Moreover, the distribution of non-wage incomes, and especially capital income, has also become more unequal. However, at around 7%, the share of capital income in total household income still remains modest on average and its impact on overall inequality is therefore limited.

What does the OECD recommend to address this inequality?  One promising path is to foster the employment of under-represented groups. Creating more jobs – and especially more productive and rewarding jobs – which enable people to escape poverty and offer real career prospects, is the most important challenge.

Investing in human capital is also essential to promote employment and employability, and to tackle inequality.  Up-skilling of the workforce is by far the most powerful instrument to counter rising inequality.

The investment in people must begin in early childhood and be followed through into formal education and work. This is vital to ensure equality of opportunity for children from disadvantaged backgrounds. Human capital investment then needs to be sustained over the working life. The way that training is provided also needs careful assessment and both employers and individuals need the means and incentives to invest in human capital.

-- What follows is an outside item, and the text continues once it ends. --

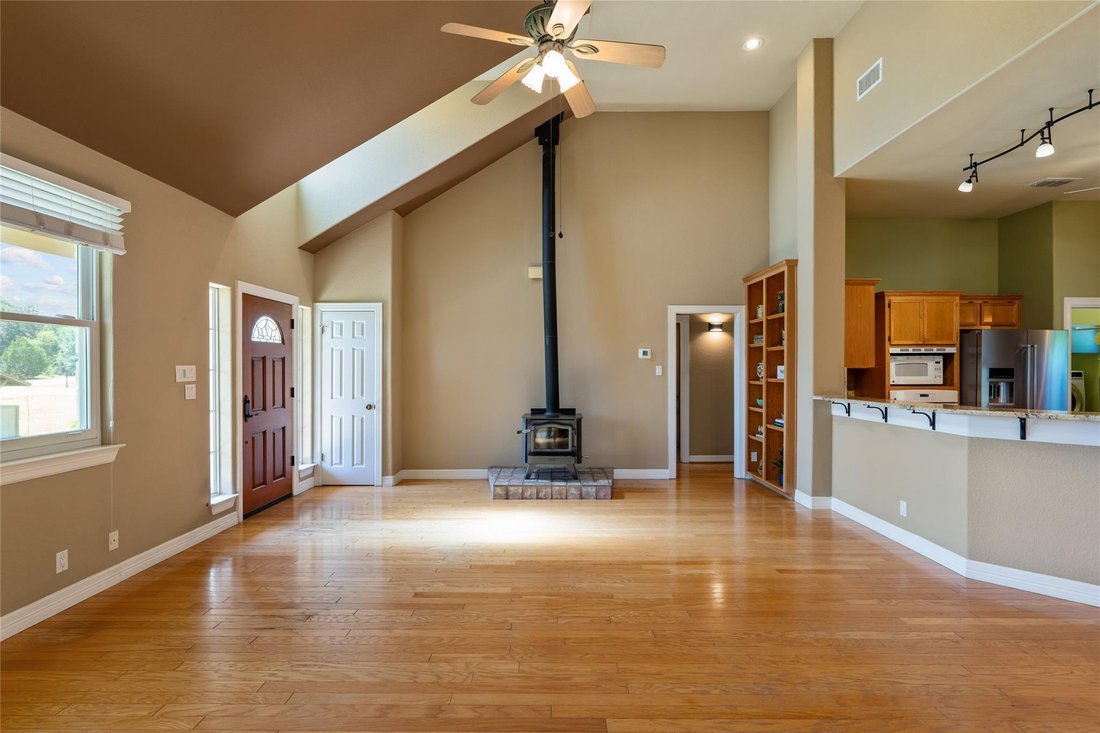House in Georgetown, Texas, United States 4 - 18499110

Reforming tax and benefit policies are also measures that can promote a better distribution of income. Tax-benefit systems have become less effective at redistributing incomes over the past decades. The main reason for this declining redistribution is on the benefit side: levels were cut and eligibility rules tightened to contain social spending, and transfers to the lowest income groups failed to keep pace with earnings growth.

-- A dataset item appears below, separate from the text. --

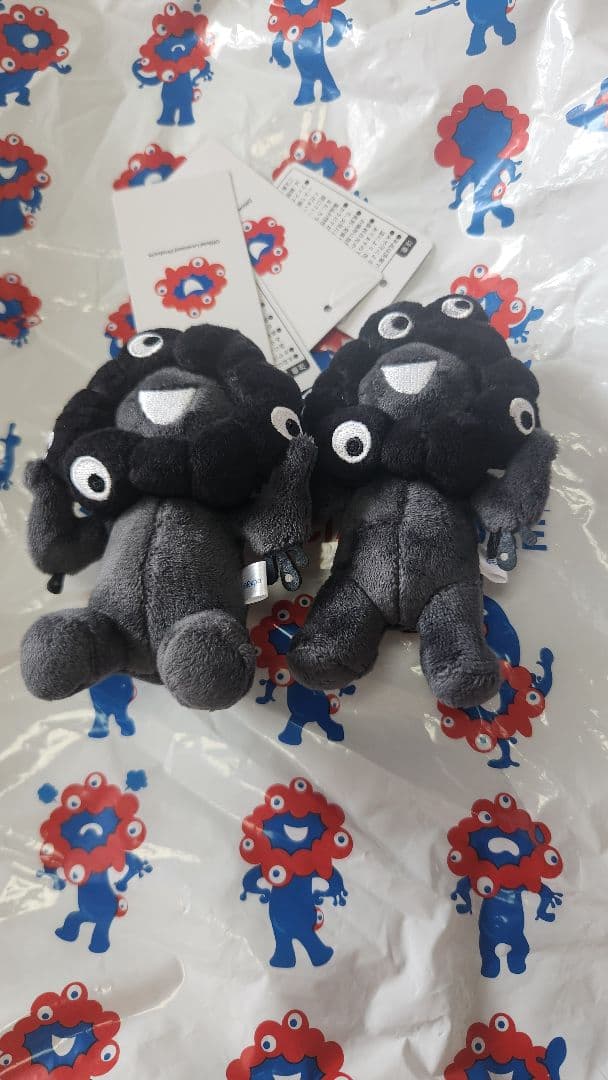 黒ミャクミャク　カラビナ　立ち・座りセット くろミャクミャク　ぬいぐるみ 大阪万博 2種セット ミャクミャク 座り 立ち ぬいぐるみ 黒 黒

Over the last two decades, there was a move away from highly progressive income tax rates and net wealth taxes in many countries. As top earners now have a greater capacity to pay taxes than before, some governments are re-examining their tax systems to ensure that wealthier individuals contribute their fair share of the tax burden.

This aim can be achieved in several different ways. They include not only the possibility of raising marginal tax rates on the rich but also improving tax compliance (and in this areas we have been helping governments eliminate bank secrecy and fiscal havens), eliminating tax deductions, and reassessing the role of taxes on all forms of property and wealth.

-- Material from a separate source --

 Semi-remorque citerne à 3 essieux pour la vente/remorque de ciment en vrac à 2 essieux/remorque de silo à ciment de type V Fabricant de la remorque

Another important instrument especially for emerging economies is the provision of high-quality public services, such as education, health, and family care. On average, OECD governments spend as much on public social services – some 13% of GDP – as they do on all cash benefits taken together and this spending reduces inequality by about one fifth on average.

Ensuring equal access for all to such services is a challenge in many emerging economies, but it is of critical importance in order to reduce inequality and provide equal opportunities of personal and professional development for all citizens.

The OECD concludes that the benefits of economic growth DO NOT trickle down automatically.  Greater inequality DOES NOT foster social mobility. Without a comprehensive strategy for inclusive growth, inequality will continue to rise. There is nothing inevitable about high and growing inequalities. Our policies have created a system that makes them grow and it’s time to change these policies.

This timing of this report, just before Christmas, is perfect, as OECD Secretary-General calls for us to “Go Social!”.  As laudatory as this chant is, there is little evidence that the OECD governments are putting “better policies for better lives” at the centre of their policy efforts.  Too many people live in a world with few opportunities or hope.

Reference:

OECD.  Divided We Stand: Why Inequality Keeps Rising.